Segundo a autora, seu livro, que está sendo lançado na Uerj esta semana, vem tendo boa aceitação, embora reconheça, que às vezes, entre acadêmicos, o tema seja visto com certa desconfiança. “Tem gente que torce o nariz. Até já me perguntaram o que candomblé tem a ver com educação. Mas o candomblé é uma religião que tem muito a ensinar à educação. Educação como rede de conhecimento, em que as crianças aprendem a língua yorubá, conhecem os mitos, as ervas, são ensinadas sobre o respeito à natureza. Tudo isso é um conhecimento importante. É também uma religião que não discrimina ninguém por raça, por orientação religiosa ou sexual, nem as famílias formadas a partir disso. Aprender conteúdos é importante na escola, mas, para mim, aprender a não ser racista, não discriminar religiões ou a ser homofóbico, por exemplo, é um aprendizado mais importante do que matemática, português, química. E é isso que o candomblé faz.”

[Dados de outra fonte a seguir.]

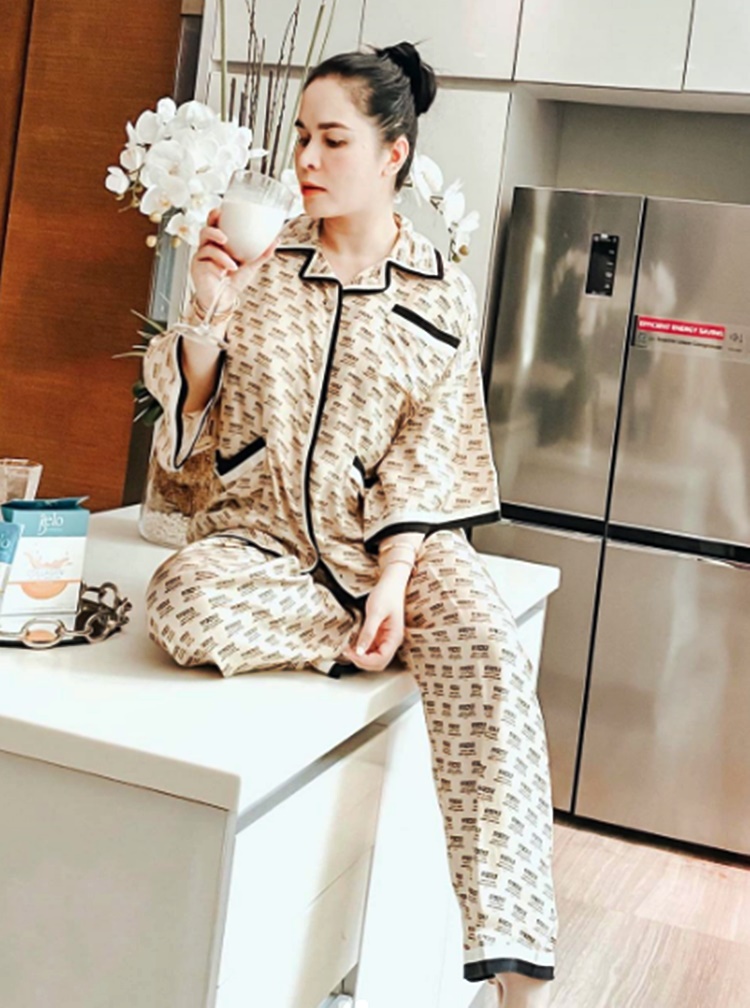 jinkee pacquiao pantulog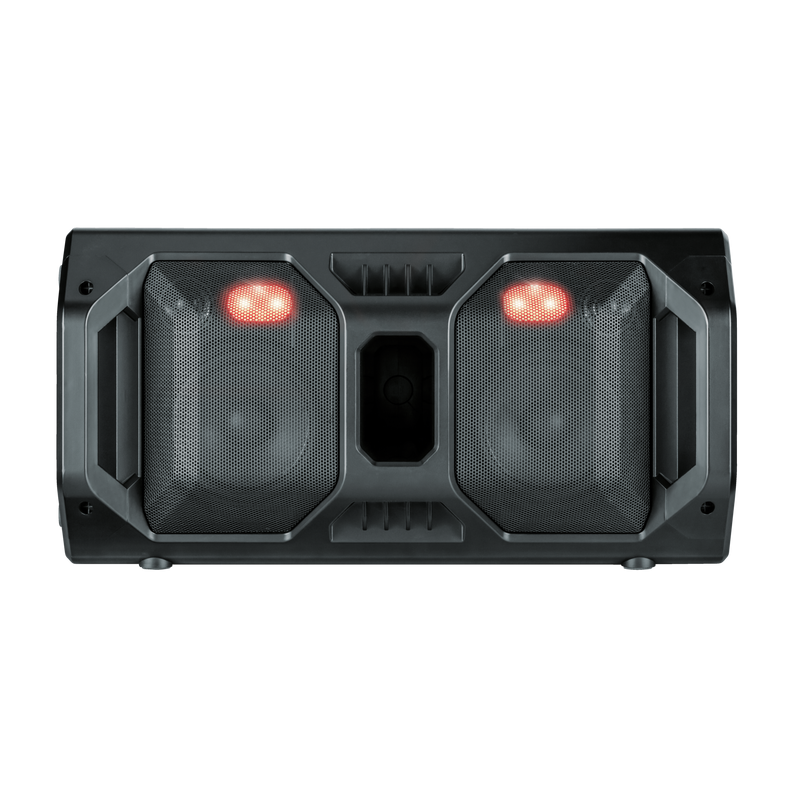 Klubb GO Bluetooth Wireless Portable Party Speaker with RGB lights-Front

Para Stela, toda essa discussão tem que fazer parte do curso de formação de professores, que é onde se forma aqueles que ensinam. “Também acho que não pode haver ensino religioso em escolas públicas. A religião é bem-vinda na escola, mas é mais um desafio ao professor reconhecer as diferenças, aprender a conviver. O que não se precisa é de uma disciplina de ensino religioso, com hegemonia católica e neopentencostal”, critica.

Enquanto não há mudanças visíveis por este lado, a pesquisadora percebeu transformações bastante palpáveis do outro. “Vejo isso no comportamento de alguns adeptos do candomblé. Crianças que, no início, não queriam ser identificadas, com medo da discriminação, no decorrer desses anos, mudaram o comportamento. Passaram a de assumir mais, a militar nos movimentos sociais, sem vergonha de sua cor nem de sua cultura.” Tauana é uma delas. Se no começo da pesquisa, preferia ser identificada como Michele, agora afirma com orgulho: “Sou ekedi, que é a minha função no terreiro, sou negra, tenho cabelo crespo e sou percussionista do grupo Orumilá.” E quando a pesquisadora pergunta o que a ajudou a mudar, se foi a escola, ela responde de imediato: “Não, pelo contrário. Se dependesse da escola, eu continuaria com vergonha da minha cultura e da minha cor. O que ajudou mesmo foram os movimentos negros e, claro, o terreiro.”